Culture on the Cheap
Interior Decoration by Miss Heather
When I was growing up my parents had a bulldog. “Amos” was blind, mostly deaf and left drool all over the place (as bulldogs are known to do). My parent’s penchant for constantly moving presented Amos with a sizeable challenge: he had to learn to negotiate a new house, year after year. The first week after each new move he’d bang around a bit, but always managed to get things down pat. Damned remarkable.
I make mention of the previous childhood tale because it is very similar to what happens here at Chateau de Ghetto when Miss Heather does a little tidying and redecorating: my husband knocks around a few days as he negotiates the learning curve. Sometimes he hits his foot on stuff and curses, other times he will walk by a new piece of furniture for two or three days before even noticing it. It’s damned funny.
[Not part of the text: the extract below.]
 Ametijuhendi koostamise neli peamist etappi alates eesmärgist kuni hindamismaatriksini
Yesterday I set about finding a new ‘home’ for my four foot tall cardboard replica of the Empire State Building. I was non-plussed with it gracing the top of our refrigerator because it obstructed the New York State flag hanging on the wall behind it. While trying to figure out where else in the apartment I could put this item, I ran into a quandry that I am certain other owners of large Empire State Building standees have run into: low ceilings.
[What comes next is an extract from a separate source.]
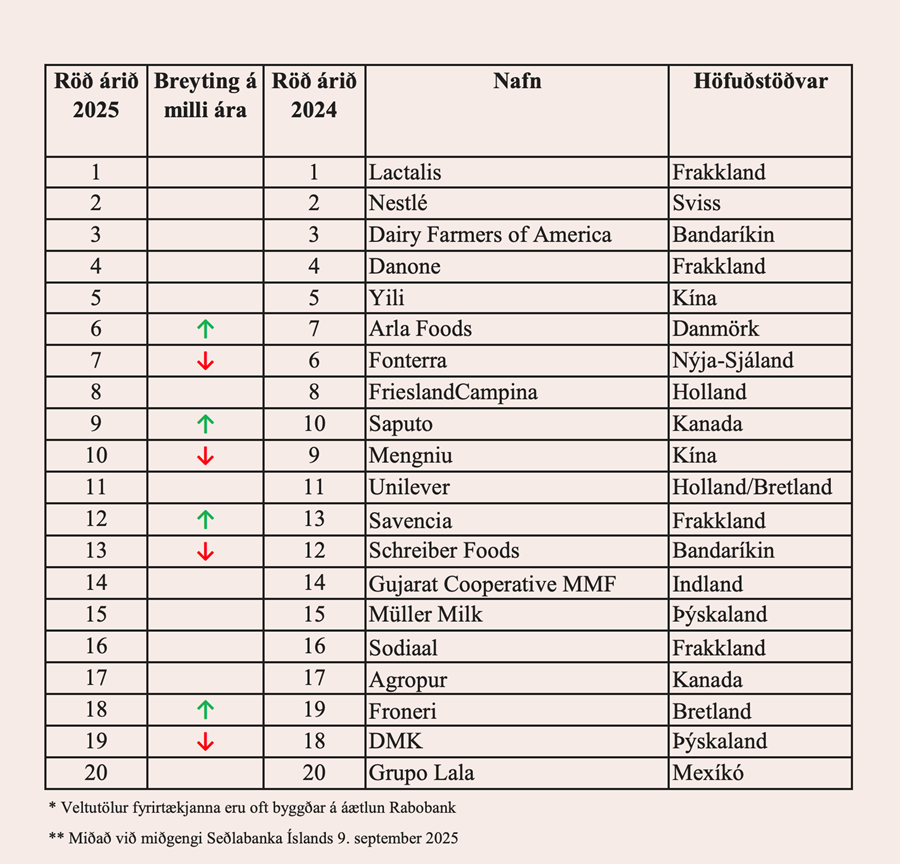 Fonterra í frjálsu falli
The only space that could accommodate something this tall was the dresser in our bedroom and even then I could not put the “top” on it.
I placed the ‘ESB’ there and had three inches to spare. It was a tight fit and an intimidating one at that: the building literally looms over you when in bed. “How could I mitigate this effect”, I asked myself. Then I had my ‘eureka moment’…
I think it needs more monkies.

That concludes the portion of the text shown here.